The NFL Pro Bowl is an odd popularity contest. It’s part fan favorite, part reputation and part merit based. It’s just like voting for prom royalty in high school. Except instead of a crown and flowers, players receive $25,000.
It isn’t the players’ fault. They are just part of a broken system. All they can do is go out and perform to the best of their ability. Most of the time the voters get a majority of the selections right but there is usually one or two that don’t jive with the performances witnessed on the field.
Take Arizona Cardinals’ and NFC Pro Bowl starting safety Adrian Wilson for example. By all accounts, including his own, the 2010 season hasn’t been his finest season. He may have had his fourth highest total in tackles (84) of his career with a game to go, but a lot of that was based on poor play by the defensive lineman and linebackers in front of him. His biggest impact, two interceptions and a blocked kick, all came in the first game of the season against the St. Louis Rams. Not exactly what you’d expect from one of the two best safeties in the NFC.
Wilson was so disgusted by his performance after a Week 10 loss to the Seattle Seahawks that he gave quite a pointed commentary about his play up to that point of the season.
“I’m playing like s—,” he explained. “Can’t sugar coat it.”
He was just as brutally honest about his selection to the Pro Bowl while talking to team’s official website Tuesday evening.

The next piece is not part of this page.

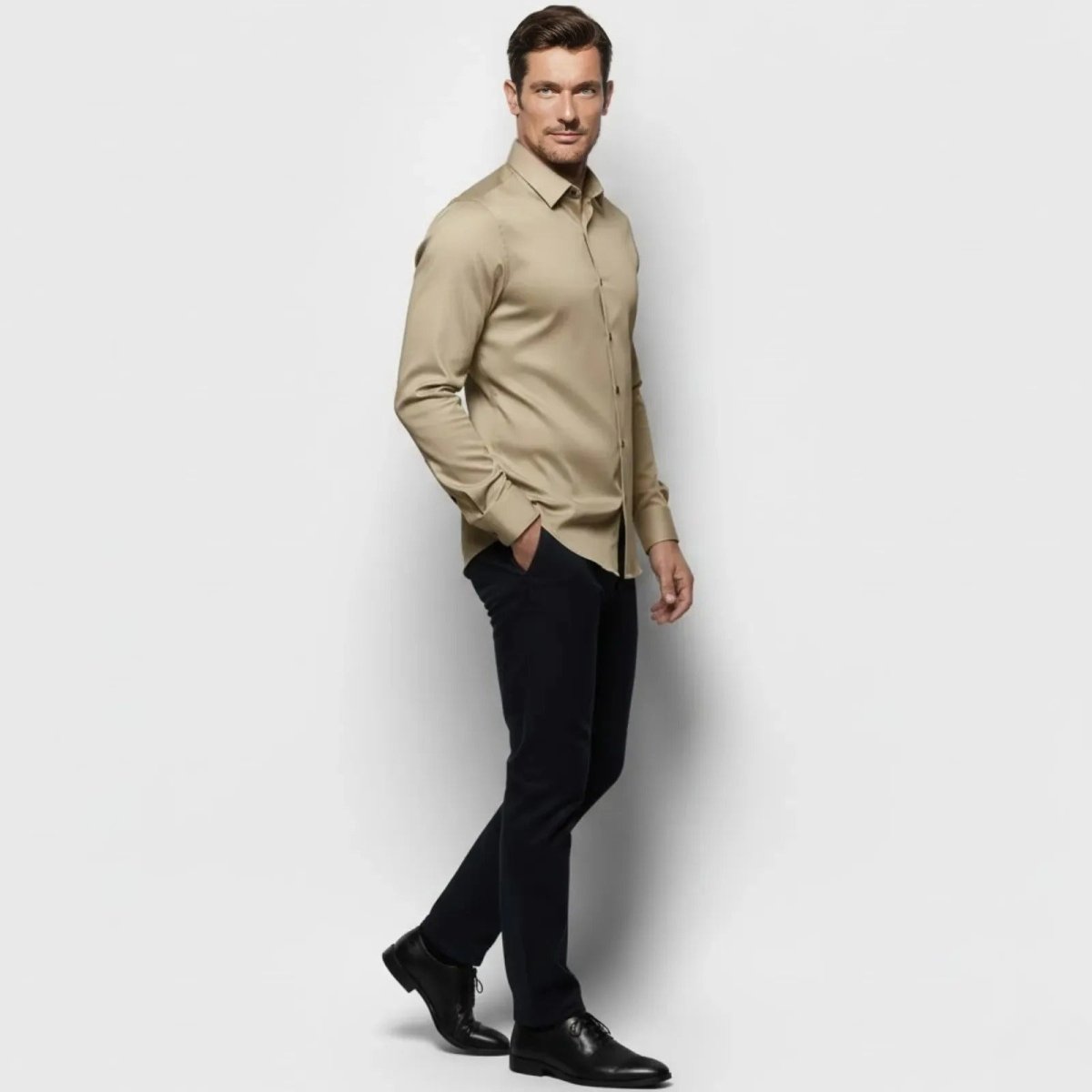 Side profile of a male model in the Kouvr Briar khaki long sleeve performance shirt, highlighting its tailored fit.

“To be honest, I am very shocked,” Wilson said. “Someone told me, ‘You always go in a year later than you’re supposed to go, and you always get that one last one when you don’t really deserve it. I hope this isn’t my last one and I understand that this hasn’t been one of my greatest years.”

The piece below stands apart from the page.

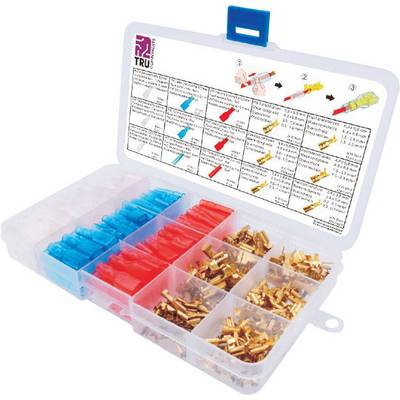 Plastic doos met vakken, gevuld met blauwe, rode en gouden kabelverbinders. Deksel toont gebruiksinstructies.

It may not have been Wilson’s greatest year but you don’t have to look too far to find a suitable Pro Bowl replacement.
Wilson’s secondary mate Kerry Rhodes had a career defining year. He’ll set a career high in tackles for a season with five on Sunday against the San Francisco 49ers. Along with his impressive tackle totals, the safety added four interceptions, two of which he took back for touchdowns. His impact was felt defensively all season.

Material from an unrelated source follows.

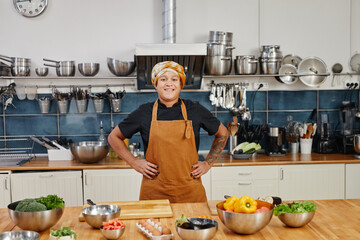 Portrait of smiling female cook looking at camera while posing in industrial kitchen interior, copy space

If any Cardinal, outside of special teamer Jay Feely, deserved a Pro Bowl bid, it was Rhodes. Even Wilson agreed.
“Kerry deserved it way more than I do,” Wilson told the team’s official website.
Despite not being the most likely candidate for the Pro Bowl from the Cardinals, fans should still celebrate the career of Wilson. He’s been an integral part of the franchise for years and probably got snubbed for the Pro Bowl more than a few times early in his career.
The game should be a reminder of the impact he’s had on the franchise and he should enjoy it. It’s not his fault the system is broken. It’s not his fault Rhodes isn’t there. It’s just a reminder that the Pro Bowl voting is flawed and that’s someone else’s problem.
In the end it’s all just a popularity contest anyways and there’s nothing wrong with being liked.